== Provided data

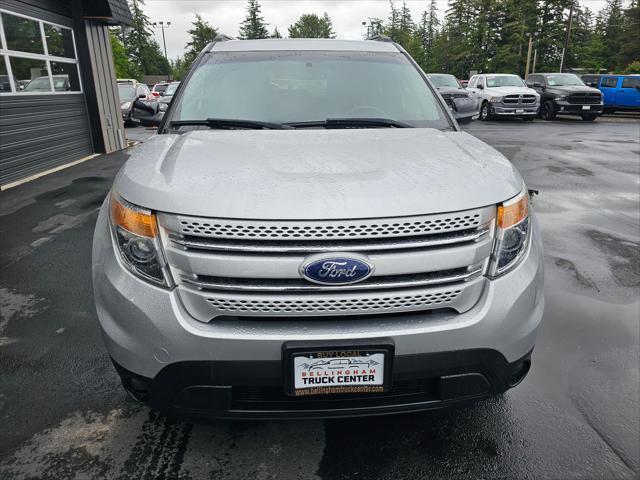 used 2014 Ford Explorer car, priced at $16,850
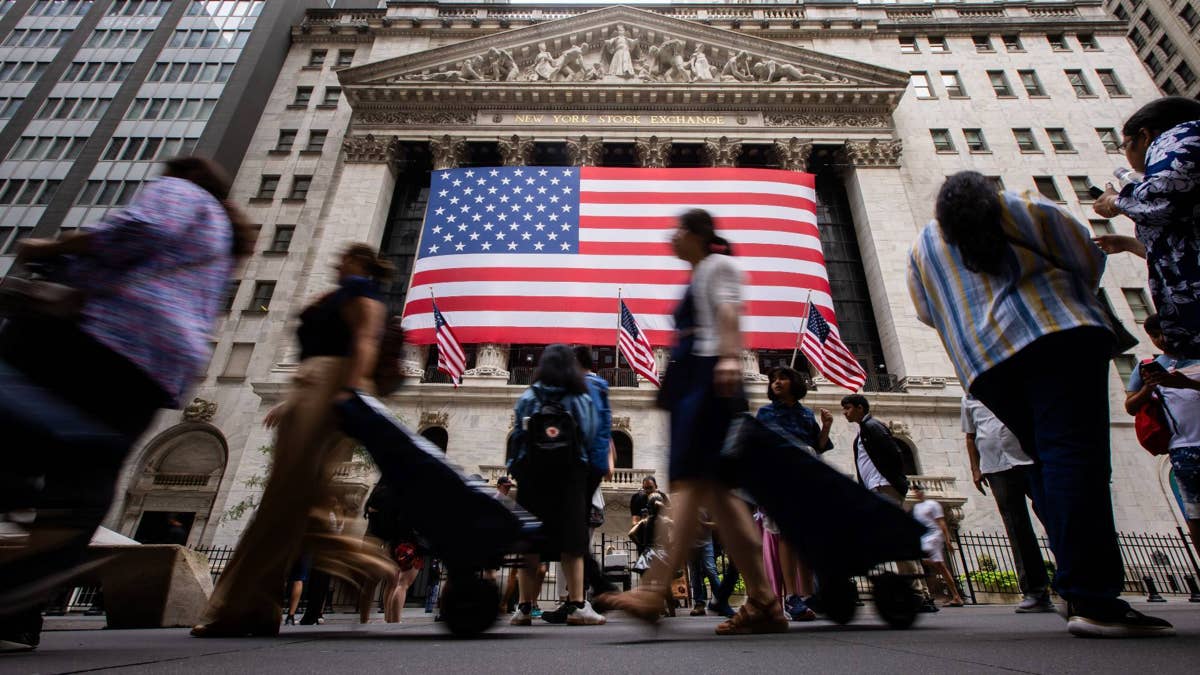 Ernst & Young drops stunning take on the economy as oil jumps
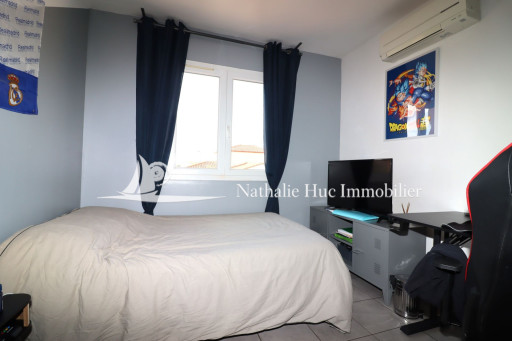 maisonvilla vente Saint-laurent-de-la-salanque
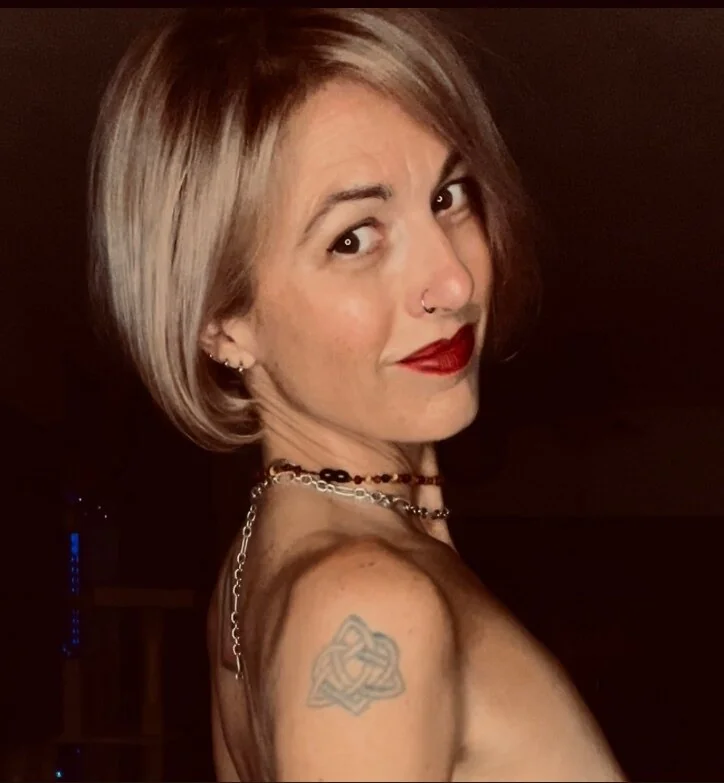 Mommy Mel OnlyFans Profile Mommy Mel OnlyFans tattooed creator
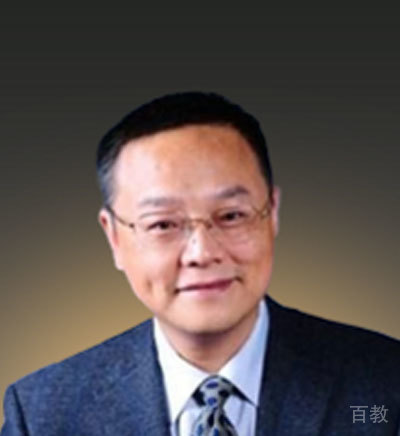 长沙学威国际商学院李序蒙教授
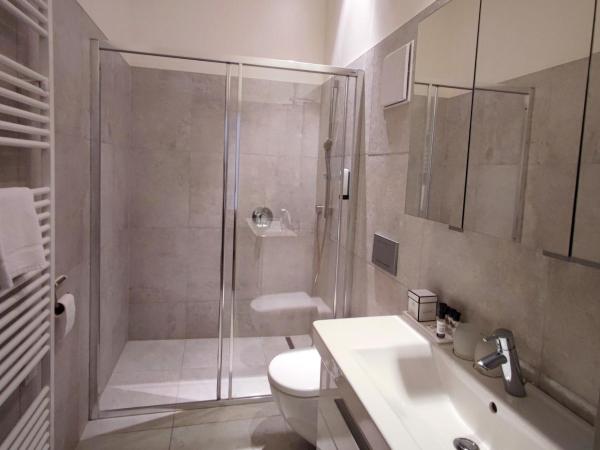 Hotel Am Domplatz - Adult Only : photo 5 de la chambre appartement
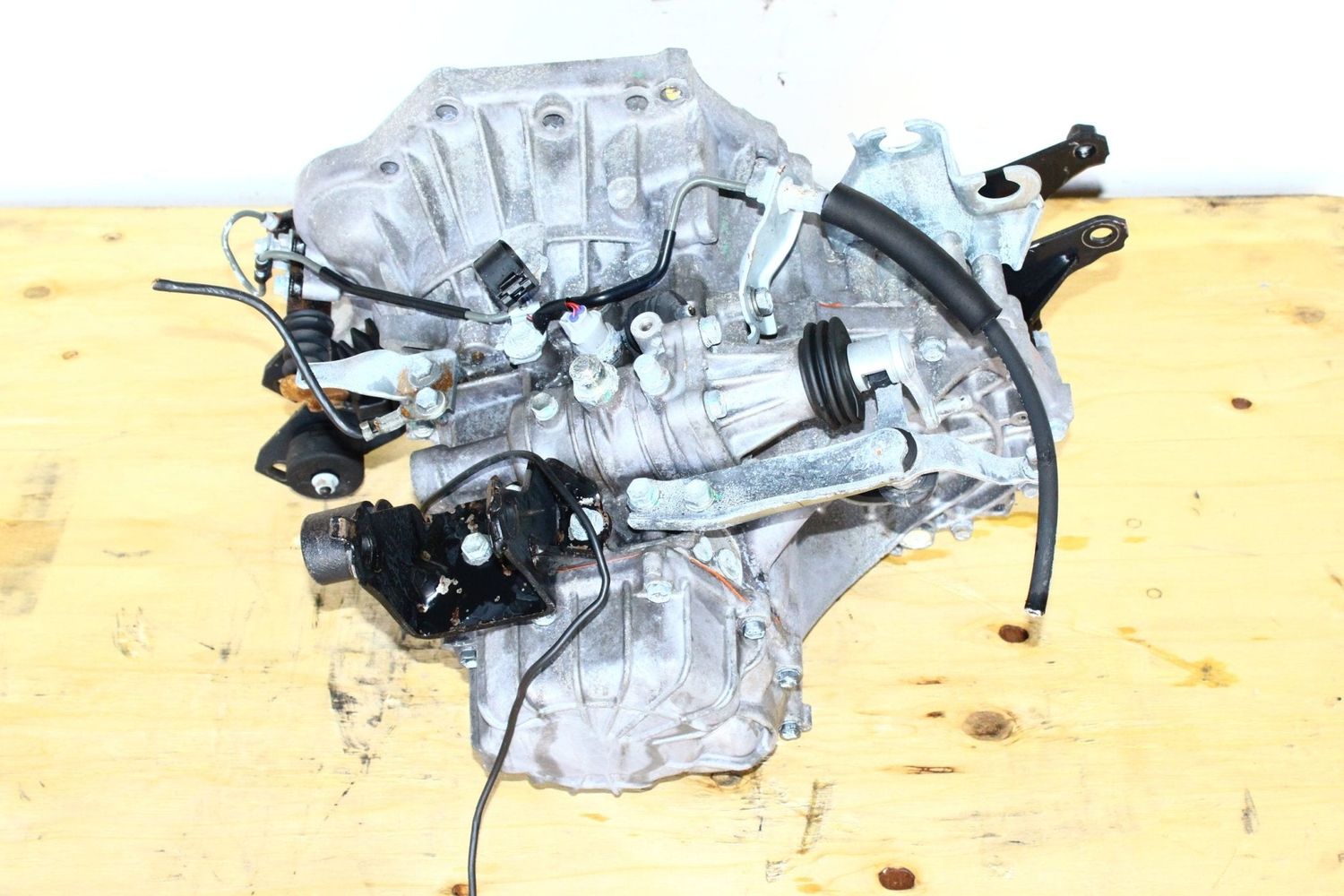 2000-2005 Toyota Celica GT Manual Transmission 5 Speed 1.8L 1ZZFE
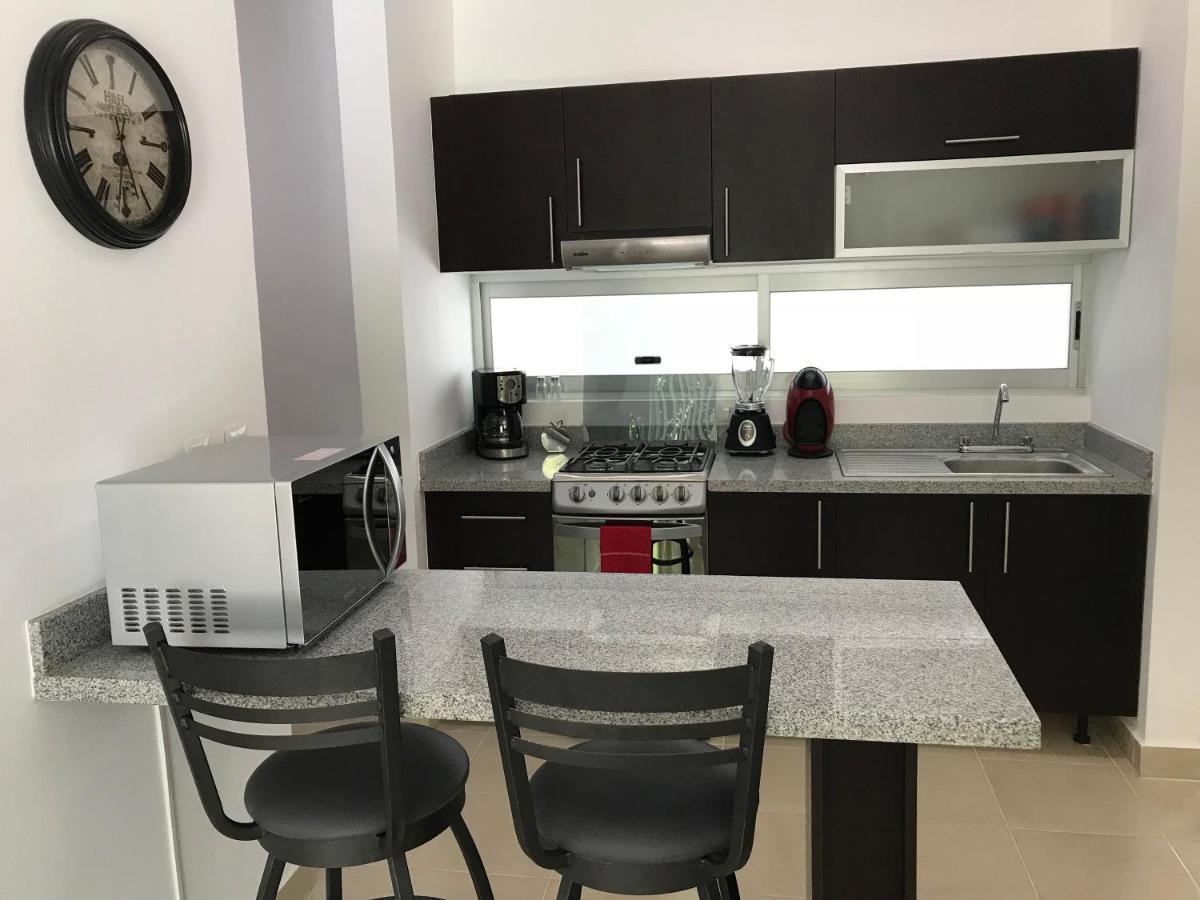 Star Castell Apartment *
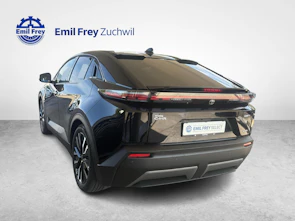 Fahrzeugbild TOYOTA C-HR+ Style AWD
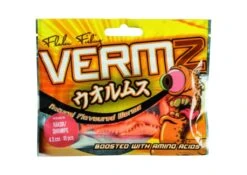 FLADEN VERMZ - Künstliche Shrimps Mit Aroma -Angelausrüstung FLADEN VERMZ Shrimps pink 20 5945 029AFxjwujvAoHV 1280x1280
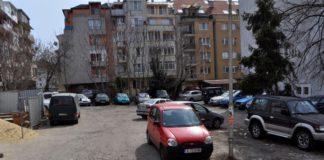 Вече е набелязан терен във ''Възраждане''. Снимка: Община Бургас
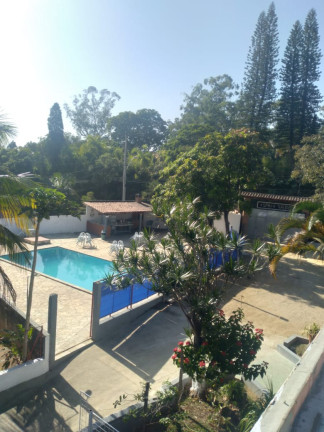 Imagem Imóvel com 7 Quartos à Venda, 5.000 m² em Centro - Piedade Imagem Imóvel com 7 Quartos à Venda, 5.000 m² em Centro - Piedade
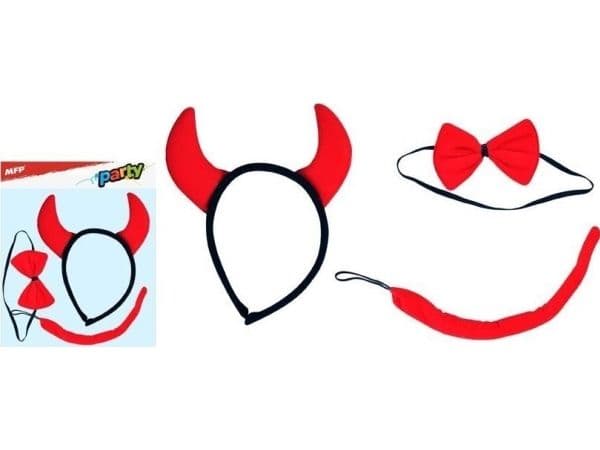 MFP-papper - mask-set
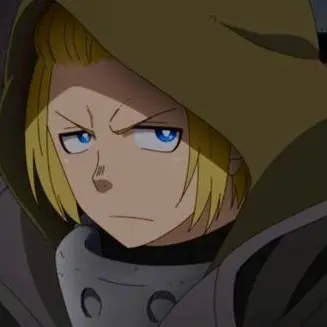 Profile image of アーサー・ボイル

====

◆ Exercise
The records above should be duplicated exactly, with none of their pictures kept.

◆ The completed task
 used 2014 Ford Explorer car, priced at $16,850
 Ernst & Young drops stunning take on the economy as oil jumps
 maisonvilla vente Saint-laurent-de-la-salanque
 Mommy Mel OnlyFans Profile Mommy Mel OnlyFans tattooed creator
 长沙学威国际商学院李序蒙教授
 Hotel Am Domplatz - Adult Only : photo 5 de la chambre appartement
 2000-2005 Toyota Celica GT Manual Transmission 5 Speed 1.8L 1ZZFE
 Star Castell Apartment *
 Fahrzeugbild TOYOTA C-HR+ Style AWD
 FLADEN VERMZ - Künstliche Shrimps Mit Aroma -Angelausrüstung FLADEN VERMZ Shrimps pink 20 5945 029AFxjwujvAoHV 1280x1280
 Вече е набелязан терен във ''Възраждане''. Снимка: Община Бургас
 Imagem Imóvel com 7 Quartos à Venda, 5.000 m² em Centro - Piedade Imagem Imóvel com 7 Quartos à Venda, 5.000 m² em Centro - Piedade
 MFP-papper - mask-set
 Profile image of アーサー・ボイル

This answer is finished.